L’an dernier j’ai chroniqué un livre qui suivait non pas la vie de Billie Holliday, mais le lien si intime qu’elle entretenait avec une chanson puissante et parmi les plus influentes de l’histoire du jazz, Strange fruit.

Je n’ai rien contre les biographies (bien qu’elles soient rarement bonnes), mais l’impact d’un morceau, d’un disque, sur des millions de gens, voilà qui me parait au moins aussi intéressant.

What’s going on parait en 1971. En 1973 Let’s get it on lui fait figure de suite ou d’épilogue. Mais c’est What’s going on qui a marqué les esprits.

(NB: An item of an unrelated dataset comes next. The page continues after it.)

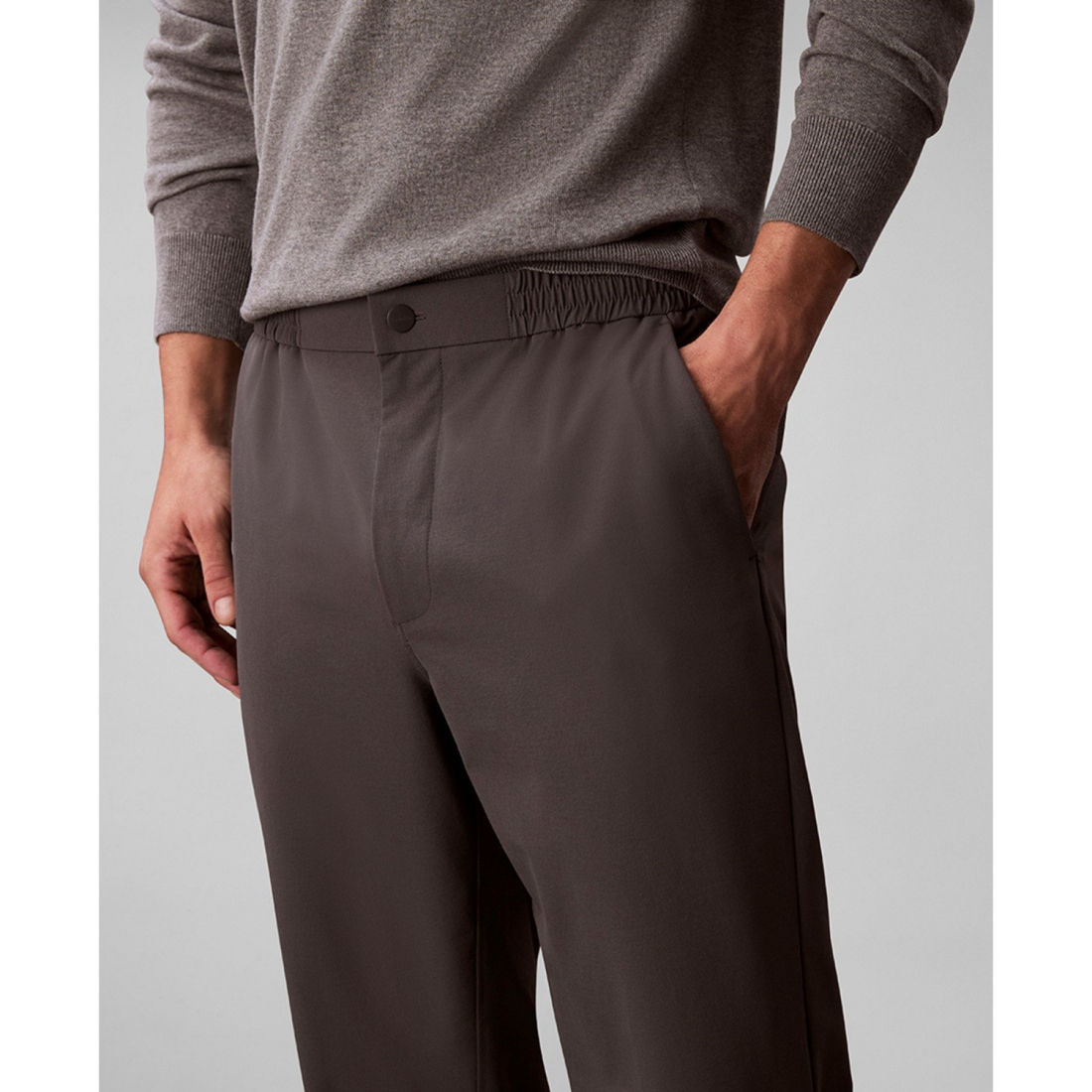 'Regular Fit Elastic Jogger Pants' pour Hommes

Ce disque est une surprise et un moment important. Une surprise pour tout le monde sauf Marvin Gaye lui-même, qui n’a jamais été vraiment à l’aise dans le système Motown. Label organisé comme une usine par son créateur omnipotent, Berry Gordy (qui était aussi son beau-frère, pour compliquer le tout), Motown se voulait avant tout une machine à tubes pas prise de tête. Mais la fin des années 60 est prise de tête, pas de doute, le flower power, la marijuana fumée à la coule à Woodstock ou Berkeley sont des réactions à un contexte dur, violent, désespéré.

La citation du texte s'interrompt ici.